En collaboration avec le Cerema (Centre d'études et d'expertise sur les risques, l'environnement, la mobilité et l'aménagement), le département du Loiret va donc expérimenter une technique, pour permettre l’amélioration des sols en stabilisant la fraction argileuse, afin de la rendre moins sensible au phénomène de sécheresse.

La RD 921 sert de cobaye

C’est une portion de la RD 921, dont la circulation a été déviée, qui va servir de cobaye. Jusqu’au 18 août, l’entreprise Keller France réalisera des travaux d’injection d’une solution constituée d’eau, de potasse et de lignine (un composant du bois) à l’aide d’une foreuse dotée d’un dispositif spécialement conçu pour cette opération.

"C’est une première en France ! C'est vraiment un produit très innovant. C’est à la base une entreprise américaine qui l’a inventé, il consiste en injections, on fait des petits trous dans les accotements, nous précise Sandrine Eugène, directrice des routes du département. L’idée, c’est que ce liquide va bloquer l’eau dans les accotements. Du coup cela va éviter que, sous la chaussée, on ait des phénomènes extrêmes de dilation ou rétractation de l’argile."

"Des vérifications sanitaires et environnementales ont été effectuées sur la solution injectée par des laboratoires spécialisés, comme l’exigeait le marché public lancé. La batterie de tests a démontré l’innocuité du produit sur la faune terrestre et aquatique", assure-t-elle.

Un enjeu économique certain

L’enjeu est important dans le Loiret, mais plus généralement en région Centre-Val de Loire, c’est pourquoi les six départements ont été choisis pour expérimenter des solutions différentes. Au terme du projet, le choix sera fait et l’exemple du Centre-Val de Loire servira aux autres régions touchées par le problème.

Dans le Loiret par exemple, qui gère 3 613 km de routes, un à deux tiers des chaussées sont concernées par ces phénomènes. Et les répercussions économiques ne sont pas anecdotiques.

"C’est un budget important pour nous le phénomène de sécheresse. En termes de fonctionnement, quand on peut faire de petites réparations, on y consacre 2 à 3 millions d'euros par an. Quand les chaussées sont très abîmées, on part sur des budgets d’investissement assez conséquents. Notre budget pour la reprise des chaussées, en dehors des opérations neuves du type giratoires ou investissements spécifiques, se situe entre 15 et 20 millions d'euros par an", détaille la directrice des routes.

Au total on est sur plus de 20 millions €. Tout n’est pas lié à l’argile, bien entendu, mais il y a une forte proportion.

Sandrine Eugène, directrice des routes du Loiret

Une sécurisation renforcée pour les usagers

La sécurité des usagers est aussi une préoccupation des décideurs locaux.
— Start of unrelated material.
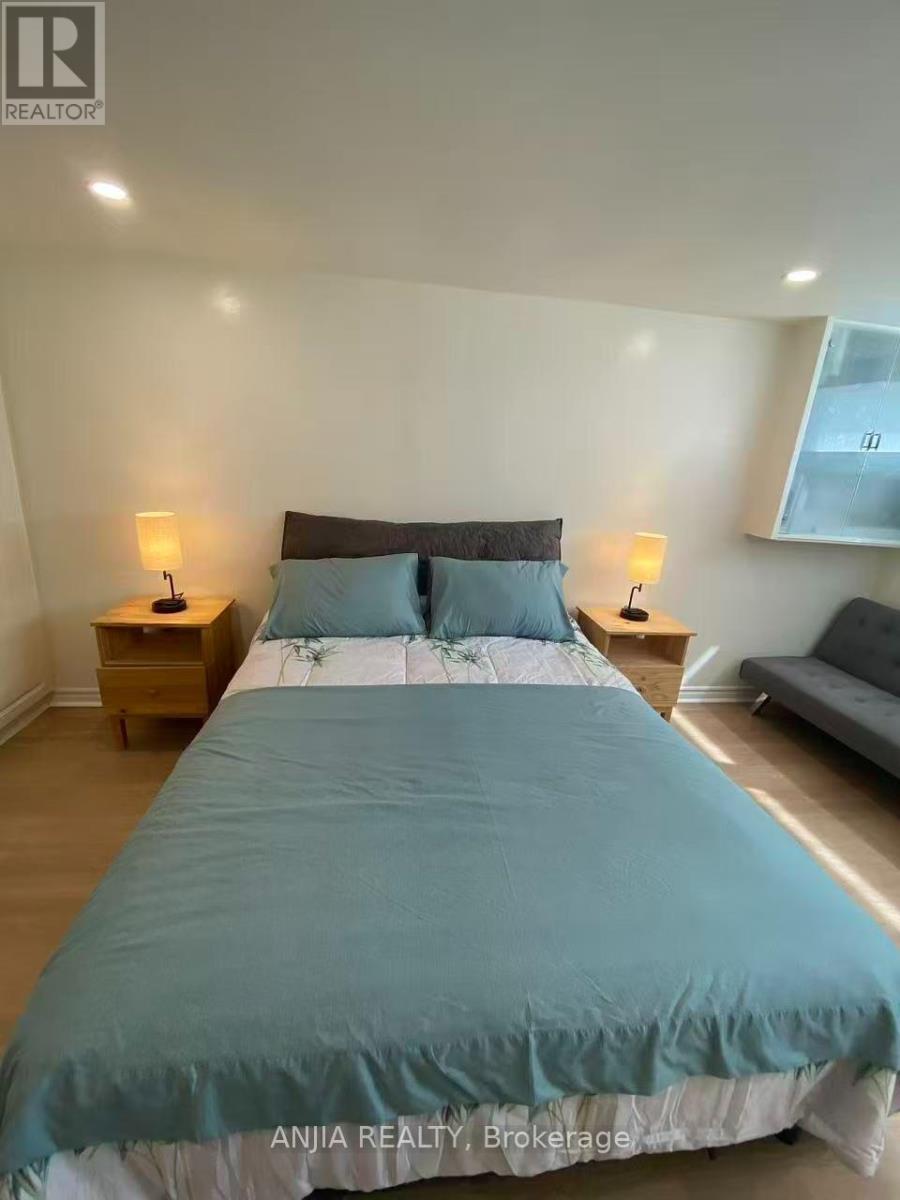 86 Santa Barbara Road, Toronto, Ontario  M2N 2C2 - Photo 1 - C14096716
La rétractation des chaussées provoque de grandes fissures longitudinales sur les bas-côtés, parfois planes, parfois décalées de plusieurs centimètres, à l’emplacement des roues droites des conducteurs, ce qui représente un véritable danger.

"Il y a un enjeu très fort des départements d’avoir en amont une solution, et c’est le cas de cette expérimentation. On va neutraliser la cause et éviter que le phénomène se produise pour ne pas avoir ces fractures dans la chaussée", analyse Sandrine Eugène.

Suivre et évaluer l’apport de cette solution

Le suivi et l’interprétation des résultats seront assurés par le Cerema durant au moins trois périodes de sécheresse, et ce jusqu’en 2024 dans le cadre de l’Observatoire des routes sinistrés par la sécheresse. Pour recueillir les données, deux capteurs spécialisés sont mis en place, pour un suivi en continu et à distance.

Toutes ces données collectées vont permettre d’apprécier la qualité et la fiabilité de la solution. Si elle s’avère utile, elle sera utilisée au moment de refaire une route, afin que celle-ci ne subisse plus par la suite les conséquences de mouvements argileux. C’est donc une action préventive, qui devrait éviter au département de faire des travaux assez lourds.

Pour l’entreprise qui commercialise le produit, c’est aussi une grande première. Jusqu’à présent, les essais ont eu lieu en laboratoire. Cette expérimentation grandeur nature devrait lui permettre d’évaluer le coût de la mise sur marché de son produit.

Depuis le 2 août et jusqu’à la fin des travaux, une déviation a été mise en place entre Courcy-aux-Loges et Sully-la-Chapelle, visible dans le tweet ci-dessus. Pendant la durée des travaux, la chaussée sera reprise à cet endroit.